Information provided —
[Start of section]

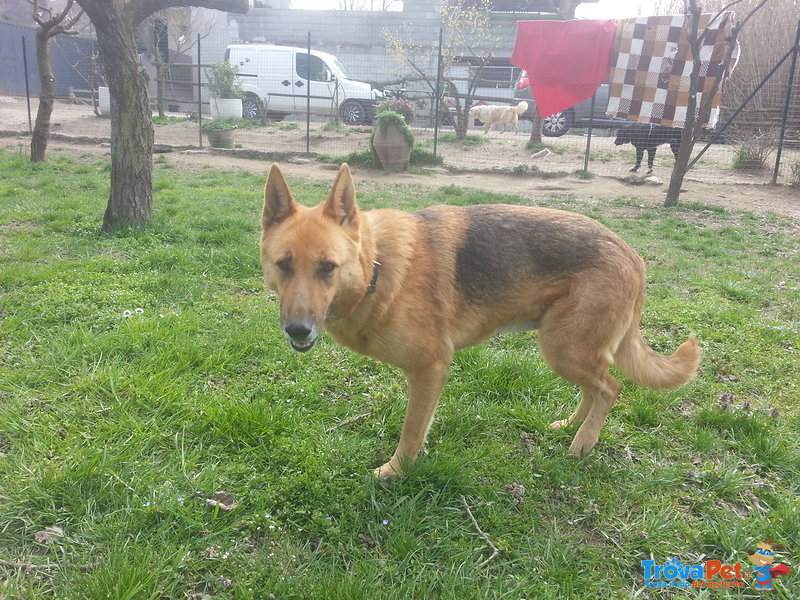 Fiona! Dolcissima e Fiera Pastore Tedesca, Adora il Contatto Umano...e' in Cerca Della sua Famiglia! - Foto n. 9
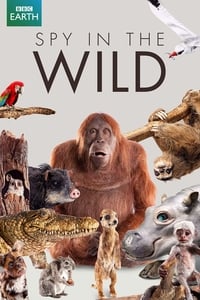 tv show poster Spy+in+the+Wild 2017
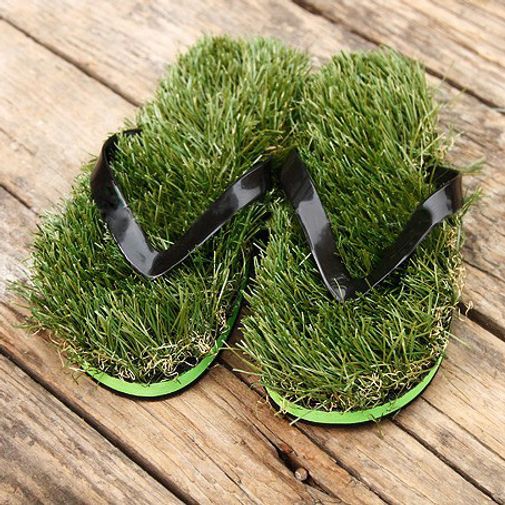 Травотапки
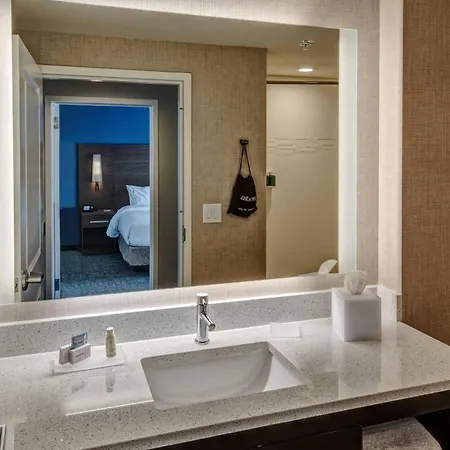 Hotel By Marriott At Opryland 3*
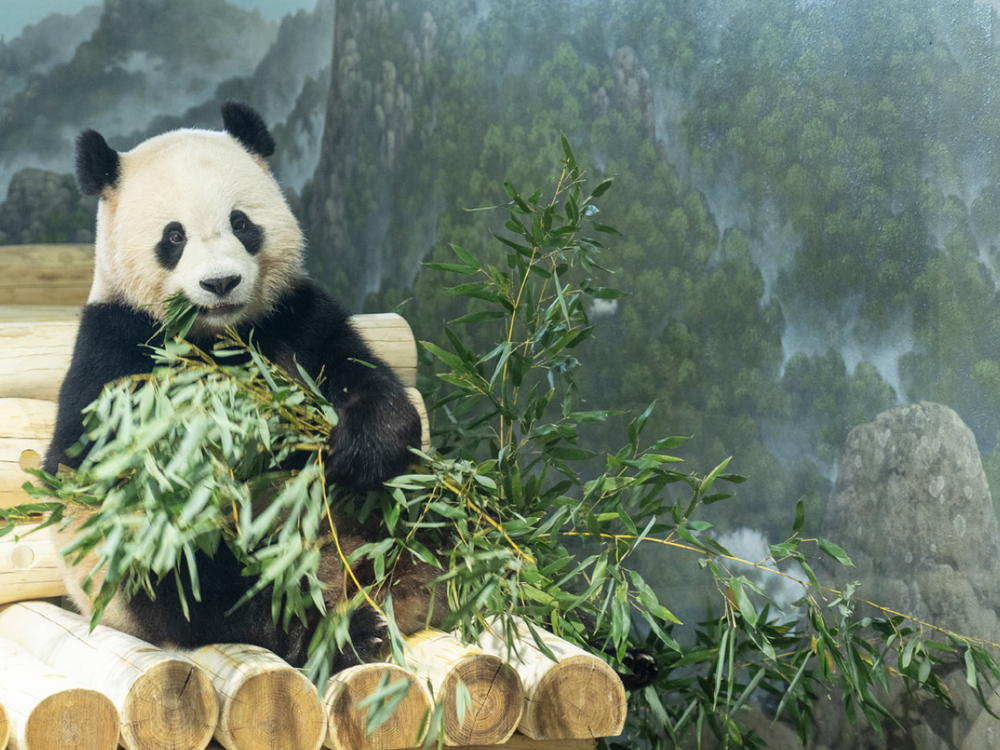 Panda chewing bamboo
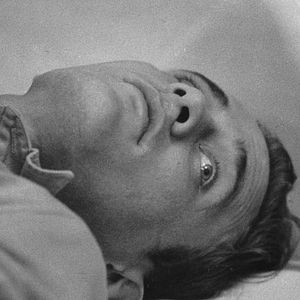 Photo L'Oeil sauvage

[End of section]

Problem description — What should appear is an exact copy of the lines from the one containing "Hotel By Marriott At Opryland 3*" through the last line of the records above, pictures excluded.

The answer —
 Hotel By Marriott At Opryland 3*
 Panda chewing bamboo
 Photo L'Oeil sauvage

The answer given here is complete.